Disillusionment with the EU, after all, is not a purely British phenomenon. Other governments also want to change the kind of meddling, top-down policy making that has eroded the European project's popularity. The U.K.'s demands for new EU welfare rules for migrants, for example, are hardly unique or even far-reaching. Europe desperately needs to modernize its immigration policies as a whole, and should use the upcoming U.K. referendum as a spur.

Granted, the British attitude can be hard to take. [...] Britain has also been right about the need to reduce the absurd proportion of the EU budget devoted to agriculture. 

More broadly, a departure from the EU would be as calamitous for the EU as it is would be for the U.K. Britain is not Greenland, which left the EU in 1985. It is the EU's second-largest economy and dominant financial center, and it's an essential balance to German power in the union. Without it, the EU would be significantly weaker at a time of growing economic and security challenges.

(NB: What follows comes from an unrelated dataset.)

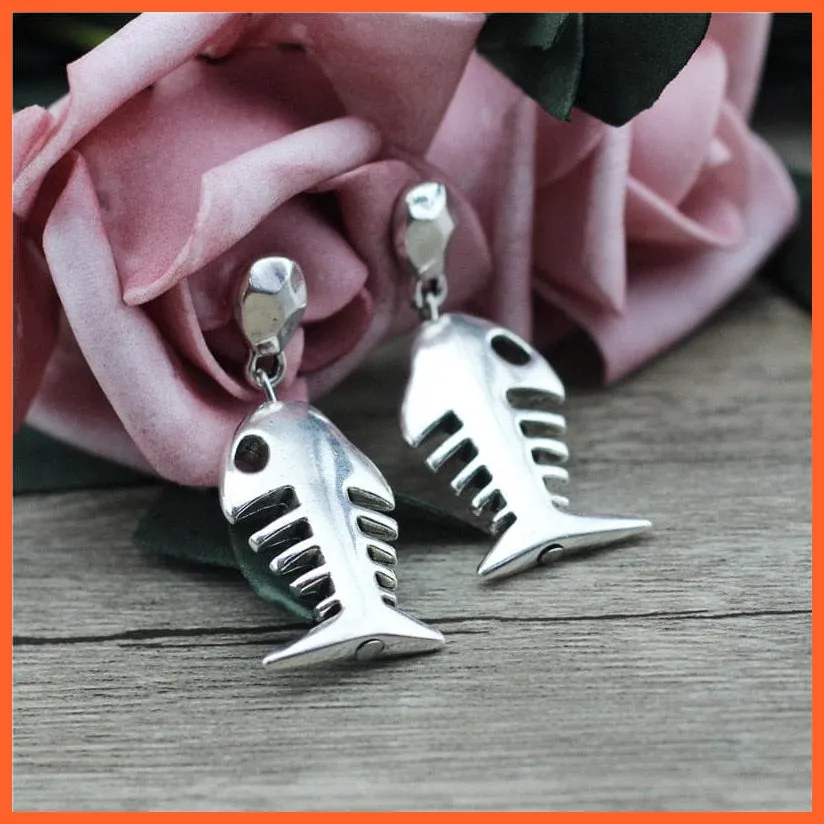 Unique Silver Plated Fish Bones Women Earrings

In short: EU leaders should see Cameron's drive for reform as an opportunity to bring Europe's federalizing ambitions in line with its reality. It isn't just Britons who would benefit from a restructured EU.

Cameron, for his part, needs to say -- soon -- what specifically Europe needs to do for the U.K. to remain comfortable within it. The sooner Cameron and his EU counterparts answer the question of reform, the more time he and other supporters of membership will have to make their case on the merits.